### Assignment
Retype, word for word, every line of the records below starting at the one that contains "Industrial Garderobe Metall schwarz 179 cm" and ending at the one that contains "Женское кольцо из"; include both of those lines and nothing more.

---------- Exercise materials

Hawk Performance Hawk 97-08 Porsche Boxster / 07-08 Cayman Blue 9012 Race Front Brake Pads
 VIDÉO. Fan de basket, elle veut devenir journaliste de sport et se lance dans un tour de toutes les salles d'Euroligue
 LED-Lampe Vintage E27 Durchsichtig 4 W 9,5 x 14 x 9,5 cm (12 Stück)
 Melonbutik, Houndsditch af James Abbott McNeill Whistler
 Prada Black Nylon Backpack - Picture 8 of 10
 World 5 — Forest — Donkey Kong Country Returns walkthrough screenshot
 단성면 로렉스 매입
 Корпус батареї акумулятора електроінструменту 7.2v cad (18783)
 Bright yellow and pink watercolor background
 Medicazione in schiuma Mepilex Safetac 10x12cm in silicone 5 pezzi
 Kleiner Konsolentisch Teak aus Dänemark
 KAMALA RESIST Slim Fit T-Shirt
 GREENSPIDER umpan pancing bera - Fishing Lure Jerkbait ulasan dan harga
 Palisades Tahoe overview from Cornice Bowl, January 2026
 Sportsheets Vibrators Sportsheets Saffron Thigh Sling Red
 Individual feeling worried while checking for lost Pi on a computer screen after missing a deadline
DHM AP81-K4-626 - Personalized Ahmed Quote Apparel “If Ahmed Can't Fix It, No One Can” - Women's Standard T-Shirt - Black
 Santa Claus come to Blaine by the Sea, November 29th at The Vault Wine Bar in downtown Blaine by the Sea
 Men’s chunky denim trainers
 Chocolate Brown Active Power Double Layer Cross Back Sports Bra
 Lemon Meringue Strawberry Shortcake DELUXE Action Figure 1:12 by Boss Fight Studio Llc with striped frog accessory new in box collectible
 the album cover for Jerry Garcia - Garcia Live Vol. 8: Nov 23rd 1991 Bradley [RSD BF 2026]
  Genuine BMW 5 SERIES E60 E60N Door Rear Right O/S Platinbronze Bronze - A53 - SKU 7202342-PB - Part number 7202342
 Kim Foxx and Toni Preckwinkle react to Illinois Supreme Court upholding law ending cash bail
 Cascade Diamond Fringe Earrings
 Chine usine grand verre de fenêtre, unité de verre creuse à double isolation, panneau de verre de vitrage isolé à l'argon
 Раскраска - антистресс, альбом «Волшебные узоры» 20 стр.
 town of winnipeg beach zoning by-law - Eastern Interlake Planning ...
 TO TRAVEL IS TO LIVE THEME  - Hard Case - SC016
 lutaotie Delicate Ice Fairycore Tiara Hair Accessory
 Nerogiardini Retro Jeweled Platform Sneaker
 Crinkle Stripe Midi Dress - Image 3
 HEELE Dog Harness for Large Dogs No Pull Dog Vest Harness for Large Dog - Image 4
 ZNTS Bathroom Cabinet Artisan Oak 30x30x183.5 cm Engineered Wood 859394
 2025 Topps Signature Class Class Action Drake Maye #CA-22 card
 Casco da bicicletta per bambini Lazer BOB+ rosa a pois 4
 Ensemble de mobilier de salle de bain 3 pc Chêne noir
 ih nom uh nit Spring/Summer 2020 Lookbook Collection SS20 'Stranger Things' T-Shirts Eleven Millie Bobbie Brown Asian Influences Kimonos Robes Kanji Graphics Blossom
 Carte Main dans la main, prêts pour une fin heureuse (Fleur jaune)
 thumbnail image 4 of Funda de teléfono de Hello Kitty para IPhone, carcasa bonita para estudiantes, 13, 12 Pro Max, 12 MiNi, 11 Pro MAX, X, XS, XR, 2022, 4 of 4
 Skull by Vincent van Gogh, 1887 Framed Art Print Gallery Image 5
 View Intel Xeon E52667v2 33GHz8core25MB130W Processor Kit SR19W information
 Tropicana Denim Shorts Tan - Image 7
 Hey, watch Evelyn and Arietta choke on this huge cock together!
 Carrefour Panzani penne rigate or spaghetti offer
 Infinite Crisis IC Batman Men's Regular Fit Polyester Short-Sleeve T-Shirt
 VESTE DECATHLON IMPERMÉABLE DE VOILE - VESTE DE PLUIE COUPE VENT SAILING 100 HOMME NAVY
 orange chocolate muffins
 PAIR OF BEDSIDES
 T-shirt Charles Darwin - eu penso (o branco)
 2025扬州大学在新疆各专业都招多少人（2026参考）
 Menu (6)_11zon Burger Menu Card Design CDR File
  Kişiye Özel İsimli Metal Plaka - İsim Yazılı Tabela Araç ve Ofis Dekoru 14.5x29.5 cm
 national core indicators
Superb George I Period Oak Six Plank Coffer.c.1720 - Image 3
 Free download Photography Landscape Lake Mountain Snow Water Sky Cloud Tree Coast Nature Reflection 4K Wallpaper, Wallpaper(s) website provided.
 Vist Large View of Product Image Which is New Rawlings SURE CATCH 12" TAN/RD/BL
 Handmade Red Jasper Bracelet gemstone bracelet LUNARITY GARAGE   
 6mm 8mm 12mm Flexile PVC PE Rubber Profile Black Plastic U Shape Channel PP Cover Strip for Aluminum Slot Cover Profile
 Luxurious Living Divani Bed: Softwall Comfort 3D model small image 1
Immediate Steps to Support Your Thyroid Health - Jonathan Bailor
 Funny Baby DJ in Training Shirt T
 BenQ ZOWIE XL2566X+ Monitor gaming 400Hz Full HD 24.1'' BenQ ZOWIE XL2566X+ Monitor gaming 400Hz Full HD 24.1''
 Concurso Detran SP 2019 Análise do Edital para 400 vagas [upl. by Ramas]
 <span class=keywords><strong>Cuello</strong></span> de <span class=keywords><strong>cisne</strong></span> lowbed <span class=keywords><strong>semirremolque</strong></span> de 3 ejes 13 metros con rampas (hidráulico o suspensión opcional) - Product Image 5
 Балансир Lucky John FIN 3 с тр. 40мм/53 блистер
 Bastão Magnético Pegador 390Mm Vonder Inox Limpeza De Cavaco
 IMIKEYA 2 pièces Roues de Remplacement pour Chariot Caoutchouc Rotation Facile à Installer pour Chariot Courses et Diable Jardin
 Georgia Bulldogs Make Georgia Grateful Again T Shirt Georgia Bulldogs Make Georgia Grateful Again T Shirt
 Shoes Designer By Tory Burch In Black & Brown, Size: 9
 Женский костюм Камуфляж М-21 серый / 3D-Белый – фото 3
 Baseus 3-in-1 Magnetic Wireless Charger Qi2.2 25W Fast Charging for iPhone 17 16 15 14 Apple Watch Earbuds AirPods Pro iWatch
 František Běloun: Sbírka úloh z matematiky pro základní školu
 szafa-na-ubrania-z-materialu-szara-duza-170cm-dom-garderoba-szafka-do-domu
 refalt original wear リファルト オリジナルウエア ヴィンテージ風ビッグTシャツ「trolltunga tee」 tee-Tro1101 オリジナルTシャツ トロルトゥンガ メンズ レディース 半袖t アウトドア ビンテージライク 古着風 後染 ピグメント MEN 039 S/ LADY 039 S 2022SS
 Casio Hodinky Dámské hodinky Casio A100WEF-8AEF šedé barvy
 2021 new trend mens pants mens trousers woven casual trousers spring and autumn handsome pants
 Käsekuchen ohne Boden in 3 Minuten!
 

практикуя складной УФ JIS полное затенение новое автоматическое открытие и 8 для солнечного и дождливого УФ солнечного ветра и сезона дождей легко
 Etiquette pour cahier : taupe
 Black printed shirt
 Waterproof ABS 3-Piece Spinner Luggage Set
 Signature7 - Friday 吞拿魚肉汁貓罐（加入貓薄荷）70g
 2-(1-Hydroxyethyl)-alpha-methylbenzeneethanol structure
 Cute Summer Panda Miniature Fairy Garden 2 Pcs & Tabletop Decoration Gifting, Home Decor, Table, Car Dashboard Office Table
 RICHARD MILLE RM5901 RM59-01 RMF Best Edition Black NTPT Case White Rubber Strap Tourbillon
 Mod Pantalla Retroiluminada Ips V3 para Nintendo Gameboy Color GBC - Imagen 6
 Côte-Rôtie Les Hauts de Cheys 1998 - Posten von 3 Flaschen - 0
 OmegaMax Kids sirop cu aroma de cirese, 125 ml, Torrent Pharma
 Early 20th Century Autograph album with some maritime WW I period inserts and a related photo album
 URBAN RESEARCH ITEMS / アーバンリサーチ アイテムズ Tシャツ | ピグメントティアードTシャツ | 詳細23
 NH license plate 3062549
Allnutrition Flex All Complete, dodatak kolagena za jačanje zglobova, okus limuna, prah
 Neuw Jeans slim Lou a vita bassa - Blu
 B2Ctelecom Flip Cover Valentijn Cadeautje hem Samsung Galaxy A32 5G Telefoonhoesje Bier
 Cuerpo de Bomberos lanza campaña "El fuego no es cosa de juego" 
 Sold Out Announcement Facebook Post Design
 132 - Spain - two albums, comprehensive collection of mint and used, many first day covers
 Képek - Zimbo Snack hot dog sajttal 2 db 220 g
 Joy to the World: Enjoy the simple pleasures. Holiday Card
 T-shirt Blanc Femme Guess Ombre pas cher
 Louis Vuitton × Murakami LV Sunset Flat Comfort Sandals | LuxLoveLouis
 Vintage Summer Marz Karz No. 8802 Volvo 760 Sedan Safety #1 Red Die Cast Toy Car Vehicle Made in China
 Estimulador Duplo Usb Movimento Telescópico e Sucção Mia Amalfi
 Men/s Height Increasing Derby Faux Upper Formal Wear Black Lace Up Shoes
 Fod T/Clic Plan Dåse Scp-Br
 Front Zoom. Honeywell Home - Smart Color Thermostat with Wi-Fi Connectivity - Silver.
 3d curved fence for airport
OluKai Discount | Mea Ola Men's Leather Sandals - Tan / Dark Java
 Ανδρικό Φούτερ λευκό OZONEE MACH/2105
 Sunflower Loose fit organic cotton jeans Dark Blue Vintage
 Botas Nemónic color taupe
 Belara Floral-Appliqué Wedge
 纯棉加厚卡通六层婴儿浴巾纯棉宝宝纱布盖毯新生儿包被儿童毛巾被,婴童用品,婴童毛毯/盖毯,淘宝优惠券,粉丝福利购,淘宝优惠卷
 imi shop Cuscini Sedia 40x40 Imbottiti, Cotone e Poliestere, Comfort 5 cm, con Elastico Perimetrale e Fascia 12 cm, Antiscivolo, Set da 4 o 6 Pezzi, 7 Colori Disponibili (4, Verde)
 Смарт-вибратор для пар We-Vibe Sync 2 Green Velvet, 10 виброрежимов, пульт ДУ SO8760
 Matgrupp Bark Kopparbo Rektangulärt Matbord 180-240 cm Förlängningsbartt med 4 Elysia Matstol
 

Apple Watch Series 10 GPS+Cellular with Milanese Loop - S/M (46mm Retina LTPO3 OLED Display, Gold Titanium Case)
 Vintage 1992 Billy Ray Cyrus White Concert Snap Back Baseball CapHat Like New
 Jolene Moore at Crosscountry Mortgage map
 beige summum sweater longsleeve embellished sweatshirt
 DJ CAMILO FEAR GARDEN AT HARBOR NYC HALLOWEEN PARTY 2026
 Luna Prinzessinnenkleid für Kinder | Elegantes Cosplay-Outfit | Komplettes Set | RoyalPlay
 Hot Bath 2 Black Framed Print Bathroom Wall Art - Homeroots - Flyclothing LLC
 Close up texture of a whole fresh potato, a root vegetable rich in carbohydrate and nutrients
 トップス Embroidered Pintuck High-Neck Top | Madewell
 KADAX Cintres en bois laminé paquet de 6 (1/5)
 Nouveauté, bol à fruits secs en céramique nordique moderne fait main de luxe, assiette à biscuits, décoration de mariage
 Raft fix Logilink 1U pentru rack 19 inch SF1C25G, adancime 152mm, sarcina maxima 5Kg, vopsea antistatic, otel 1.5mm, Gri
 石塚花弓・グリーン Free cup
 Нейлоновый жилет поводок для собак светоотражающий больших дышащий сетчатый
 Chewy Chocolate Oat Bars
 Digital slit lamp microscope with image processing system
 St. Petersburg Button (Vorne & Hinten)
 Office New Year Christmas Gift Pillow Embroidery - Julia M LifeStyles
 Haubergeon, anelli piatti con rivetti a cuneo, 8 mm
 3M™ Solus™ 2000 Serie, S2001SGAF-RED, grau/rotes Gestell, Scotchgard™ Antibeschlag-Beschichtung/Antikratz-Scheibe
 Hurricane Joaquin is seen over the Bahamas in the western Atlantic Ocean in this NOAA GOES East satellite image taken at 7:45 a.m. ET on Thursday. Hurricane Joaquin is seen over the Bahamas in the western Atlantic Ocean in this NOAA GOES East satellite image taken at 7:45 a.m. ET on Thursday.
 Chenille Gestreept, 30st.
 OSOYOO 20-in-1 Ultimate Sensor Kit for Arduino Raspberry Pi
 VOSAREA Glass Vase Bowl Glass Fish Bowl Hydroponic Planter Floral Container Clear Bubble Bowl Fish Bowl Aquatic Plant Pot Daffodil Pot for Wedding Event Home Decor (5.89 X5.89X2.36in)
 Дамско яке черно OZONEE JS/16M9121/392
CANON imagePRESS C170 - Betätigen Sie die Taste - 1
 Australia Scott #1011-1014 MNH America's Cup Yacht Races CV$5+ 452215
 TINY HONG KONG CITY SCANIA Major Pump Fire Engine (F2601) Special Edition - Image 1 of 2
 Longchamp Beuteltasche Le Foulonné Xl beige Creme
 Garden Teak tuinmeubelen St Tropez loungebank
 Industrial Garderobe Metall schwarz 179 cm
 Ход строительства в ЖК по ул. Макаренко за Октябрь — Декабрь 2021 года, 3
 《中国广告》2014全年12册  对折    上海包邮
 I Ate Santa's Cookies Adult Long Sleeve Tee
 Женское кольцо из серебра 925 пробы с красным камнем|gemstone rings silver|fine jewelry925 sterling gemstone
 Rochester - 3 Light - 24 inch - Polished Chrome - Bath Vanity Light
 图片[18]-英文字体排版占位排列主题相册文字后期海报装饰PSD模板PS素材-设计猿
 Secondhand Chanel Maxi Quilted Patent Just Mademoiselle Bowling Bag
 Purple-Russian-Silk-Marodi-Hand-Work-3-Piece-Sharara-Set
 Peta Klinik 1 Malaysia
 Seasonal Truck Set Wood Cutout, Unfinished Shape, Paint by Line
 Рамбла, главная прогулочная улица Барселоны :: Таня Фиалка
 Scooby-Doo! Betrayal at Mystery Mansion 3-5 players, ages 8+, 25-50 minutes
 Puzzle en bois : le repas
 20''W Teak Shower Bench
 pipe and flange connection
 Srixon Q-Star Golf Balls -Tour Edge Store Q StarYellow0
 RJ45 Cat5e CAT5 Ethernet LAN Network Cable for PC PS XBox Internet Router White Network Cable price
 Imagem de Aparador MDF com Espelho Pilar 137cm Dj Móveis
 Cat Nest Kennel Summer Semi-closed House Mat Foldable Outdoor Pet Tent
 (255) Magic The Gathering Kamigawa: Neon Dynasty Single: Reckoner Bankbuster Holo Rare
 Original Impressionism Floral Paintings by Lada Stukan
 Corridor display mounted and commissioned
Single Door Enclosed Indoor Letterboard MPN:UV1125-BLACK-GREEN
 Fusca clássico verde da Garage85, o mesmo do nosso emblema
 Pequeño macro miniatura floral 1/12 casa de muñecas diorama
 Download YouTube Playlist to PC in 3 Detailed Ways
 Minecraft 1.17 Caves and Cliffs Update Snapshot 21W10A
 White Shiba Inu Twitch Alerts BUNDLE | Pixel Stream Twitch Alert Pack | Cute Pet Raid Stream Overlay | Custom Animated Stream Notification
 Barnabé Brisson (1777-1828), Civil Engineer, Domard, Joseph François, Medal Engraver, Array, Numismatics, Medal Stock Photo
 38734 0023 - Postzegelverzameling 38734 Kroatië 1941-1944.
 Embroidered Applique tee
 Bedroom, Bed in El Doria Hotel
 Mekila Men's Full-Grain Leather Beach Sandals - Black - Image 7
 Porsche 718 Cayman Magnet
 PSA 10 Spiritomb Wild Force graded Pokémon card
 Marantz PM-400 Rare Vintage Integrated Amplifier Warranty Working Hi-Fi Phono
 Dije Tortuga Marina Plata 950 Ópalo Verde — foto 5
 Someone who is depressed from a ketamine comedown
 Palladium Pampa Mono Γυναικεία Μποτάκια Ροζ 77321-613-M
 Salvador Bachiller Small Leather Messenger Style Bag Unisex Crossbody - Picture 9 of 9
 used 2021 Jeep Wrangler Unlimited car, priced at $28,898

--------------------

### Answer below
 Industrial Garderobe Metall schwarz 179 cm
 Ход строительства в ЖК по ул. Макаренко за Октябрь — Декабрь 2021 года, 3
 《中国广告》2014全年12册  对折    上海包邮
 I Ate Santa's Cookies Adult Long Sleeve Tee
 Женское кольцо из серебра 925 пробы с красным камнем|gemstone rings silver|fine jewelry925 sterling gemstone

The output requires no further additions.